As always you can call us at (202) 638-2555 to arrange pick up or delivery of all your favorite Tatuaje Cigars. Join us from Noon to 6:30 PM as we welcome Pete Johnson back to the Nation's Capital!

"The Draper Boys" John Anderson & Matt Krimm
(202) 638-2555 or (800) 572-2382 (Callers Outside DC)

*W Curtis Draper Tobacconist*
640 14th Street NW
Washington, DC 20005
202.638.2555_


----------



## Magnate (Nov 27, 2009)

Wish I could go... Love tatuajes and love drapers!


----------



## SkinsFanLarry (Aug 21, 2009)

Cigartastic event! Those Draper Boys really know how to throw a party! Pete was great to meet, down-to-earth everyday kinda guy....that just happens to put out some damn good cigars!


----------



## ProgressNotes (Feb 24, 2011)

haha looks like this is happening a year to the day from when it happened last. Looking to head over sometime and check this out...never had a Tat, but I figure this might as well be as good a time as any.
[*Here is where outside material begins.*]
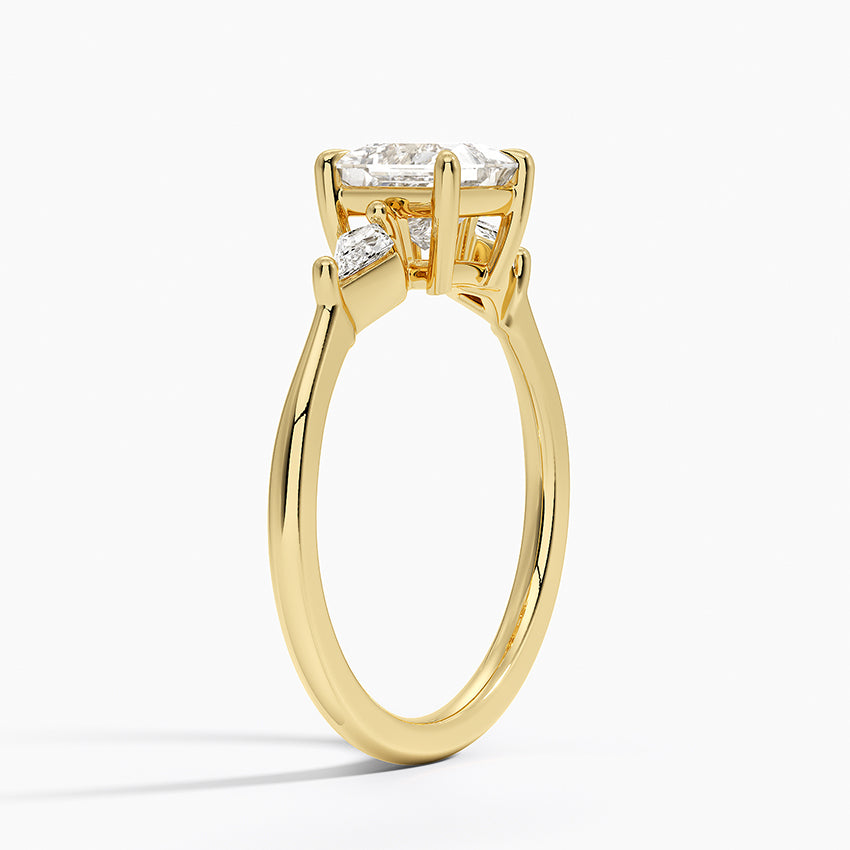 Cometa Three Stone Diamond Ring Yellow Gold 18k Princess Engagement Ring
Any other people taking part?


----------



## WilsonRoa (Dec 20, 2010)

If i didn't have plans already I would of definitely went.


----------



## Seminole (Apr 9, 2010)

Friday March 4th or Saturday March 5th???


----------



## ProgressNotes (Feb 24, 2011)

Sorry, I was off by a day. He'll be at Drapers in DC tomorrow (Friday) and at Drapers in Bethesda on Sunday. It's all on their website (which apparently I can't link to, so google it if you need to).


----------



## Seminole (Apr 9, 2010)

Does Pete usually have some event only cigars that he gives out? I would love to meet the guy, but I avoid DC, much less Bethesda, like the plague unless I have to go there. Would be a good excuse to get down there. Also, you guys in the area may also be interested to know that Ernesto Carillo will be at the Annapolis Davidus tonight. See the Davidus site for specials.


----------



## ProgressNotes (Feb 24, 2011)

I think the "blacks" are the special ones for these events, but I don't know if that's totally true anymore....
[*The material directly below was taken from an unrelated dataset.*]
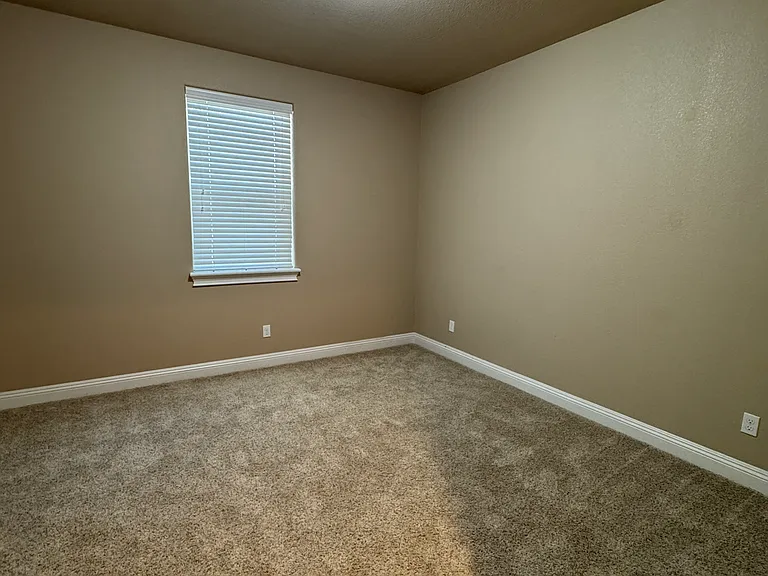 553 Addison Ct — Photo 21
Anyway, here are the advertised specials:
La Riqueza & El Triunfador Brand Specials:

Buy 3 La Riqueza or El Triunfador cigars get 1 complimentary
Buy a box of La Riqueza or El Triunfador cigars get a 15% box discount, a “Swag Pack” and a pack of the NEW Tatuaje Black

Tatuaje & Cabaiguan Brand Specials:

Buy 4 Tatuaje or Cabaiguan cigars get 1 complimentary
Box Specials: TBA


----------